The following is a press release from University of North Carolina Asheville
UNC Asheville faculty members Agya Boakye-Boaten, Tiece Ruffin, and Landon Ward are leading a new initiative this summer to tackle the ever-widening opportunity and achievement gap between Black and white Asheville City and Buncombe County Public Schools’ students.
This year, the group, along with Colorful Pages Coalition and UNC Asheville student interns Demon Thomas (May 2022) and Morgan Thornton (December 2021), leads the STEM Fun-Packs 2021 initiative, distributing 294 learning kits to Asheville City Schools students and community-based learning youth. Each STEM Fun-Pack contains culturally relevant and engaging literacy and STEM (Science, Technology, Engineering, Math) books, activity guides, and materials. The grade-based materials include learning books spotlighting Black protagonists and examples of black excellence, plus hands-on activities that encourage parent and family participation.
This new STEM-based initiative, purchased and assembled with $25,000 in grant funding from the Dogwood Health Trust Racial Equity Community Grant, is modeled after a successful summer 2020 initiative led by the faculty trio and support from Colorful Pages Coalition and Read to Succeed.
“STEM Fun-Packs support Black students, families, and community-based leaders in complementing, strengthening, nurturing, and supporting reading and STEM skills,” says Ruffin, UNC Asheville’s interim director of Africana Studies and professor of education.
“This initiative practices practical equity with concrete tools that support student learning and affirm Black children and youth in Asheville.”Tiece Ruffin, UNC Asheville’s interim director of Africana Studies and professor of education
The STEM Fun-Packs will play a vital role in addressing the impact of historic school shutdowns caused by the COVID-19 pandemic, which took a disproportionate toll on Black, Hispanic, and Indigenous communities.
“Remote learning depended heavily on devices, access to the internet, WiFi, and other digital learning tools; however, these Fun-Packs are curated with an equity and inclusion lens,” explains Ruffin.
“Students and their families will benefit from tangible, non-returnable books, activities, and other learning tools for student, family, and community engagement. These Fun-Packs have long-term positive effects and can be shared and passed onto younger siblings, family members, and community friends.”
“Representation matters. By featuring Black leaders and showcasing Black excellence in STEM Fun-Pack materials, we are holding up a mirror to Black students and encouraging them to celebrate Black excellence, genius, and joy! These kits strive to promote a positive self-image for Black students to embrace their social identity as an asset, not a barrier.”
An exciting addition to each 2021 STEM Fun-Pack is a hands-on activity curated with age in mind by UNC Asheville Lecturer of Environmental Studies Landon Ward and student intern Morgan Thornton.

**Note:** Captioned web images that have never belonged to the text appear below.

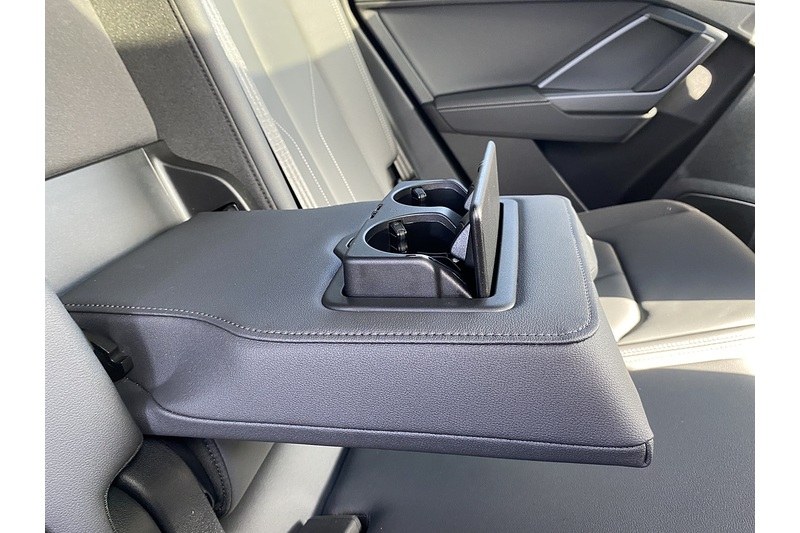 Audi 2.0 TFSI 40 Black Edition Sportback 5dr Petrol S Tronic quattro Euro 6 (s/s) (190 ps)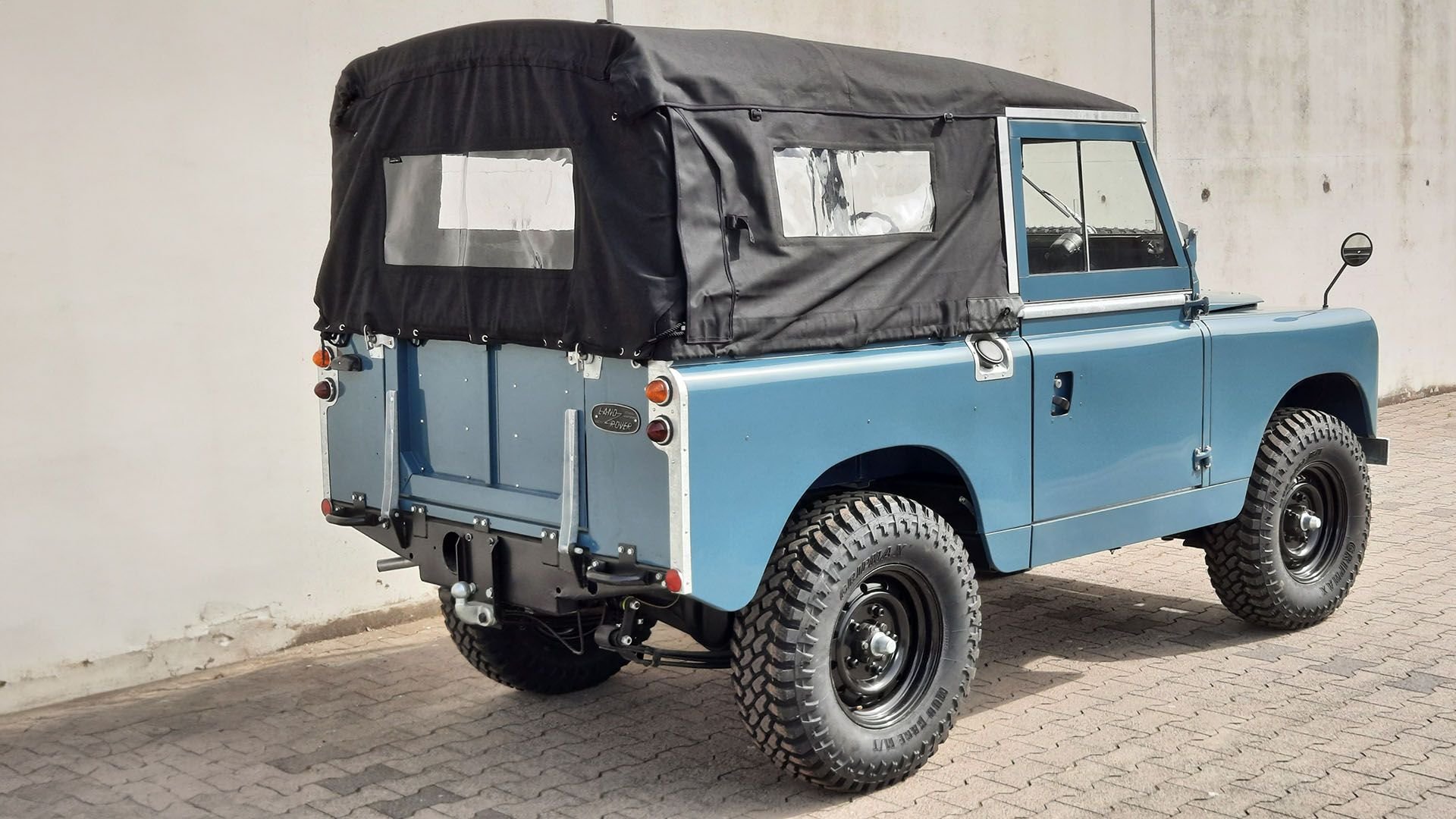 1959 Land Rover Series II | Monterey Jet Center 2024 | Broad Arrow ...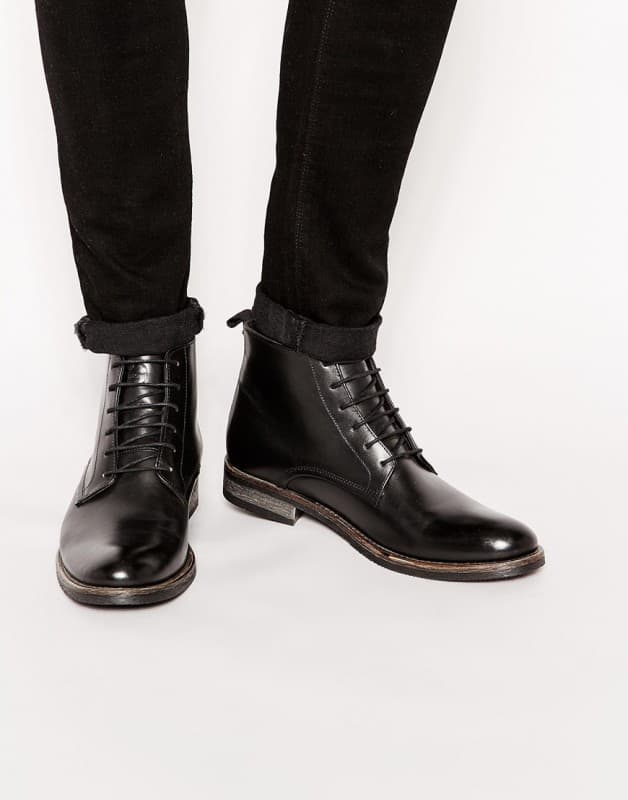 Αντρικό δερμάτινο μποτάκι 38,03€ @Asos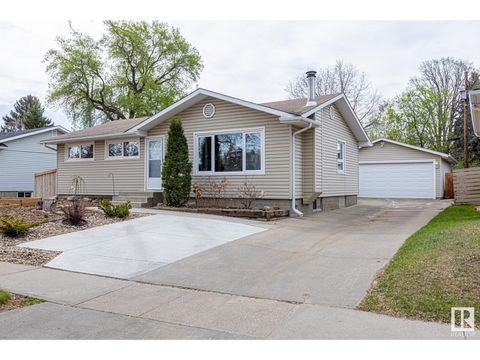 15 GRANITE AV St. Albert AB T8N0V3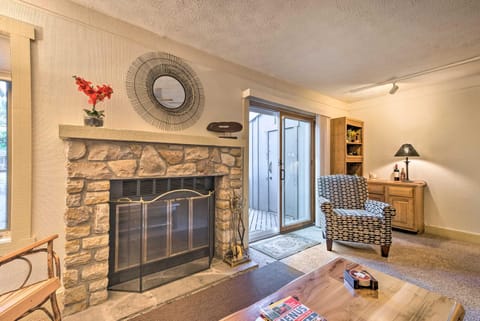 1 Mi to Jack Frost Ski Resort Water-View Retreat House in Kidder Township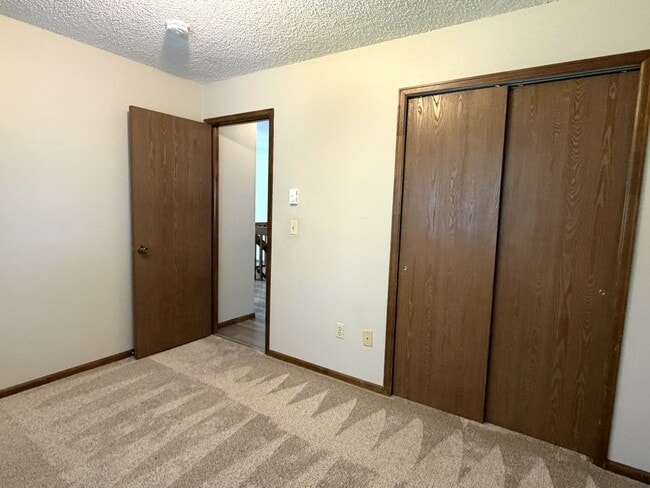 Building Photo - 2013 Custer Dr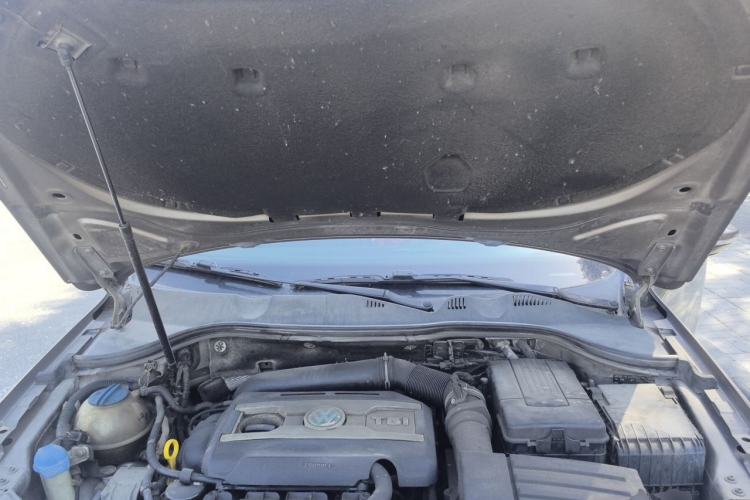 Used Volkswagen Magotan 2015 Revised 1.8TSI Prestige Version Engine Bay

“The STEM Fun-Packs give multicultural students more access to learn about science in fun and culturally relevant ways,” says Ward. “Children are instinctually curious, and these Fun-Packs allow students from Black communities more equitable access to the wonders of the world. This access will hopefully counteract some of the systemic inequity in access to scientific literacy and choice of science courses in future educational endeavors.”
The 2020 program, featured in this UNC Asheville story, delivered educational literacy kits to 176 students from pre-K to 9th grades at four Asheville City Schools (ACS) distribution sites: Hillcrest, Klondyke, Pisgah View Homes, and the ACS Family Resource Center. Each kit included age-appropriate books written by award-winning Black authors, plus activity books and worksheets.
This year’s 2021 initiative is greater in scope than the 2020 program. It will reach a larger number of Asheville City Schools students and families by increasing its outreach and partnering with seven community-based learning centers, including Christine Avery Learning Center, Delta House Life Development, Edington Center, My Daddy Taught Me That, Pisgah View Community – Marvelous Math Club, Umoja, and Youth Transformed for Life.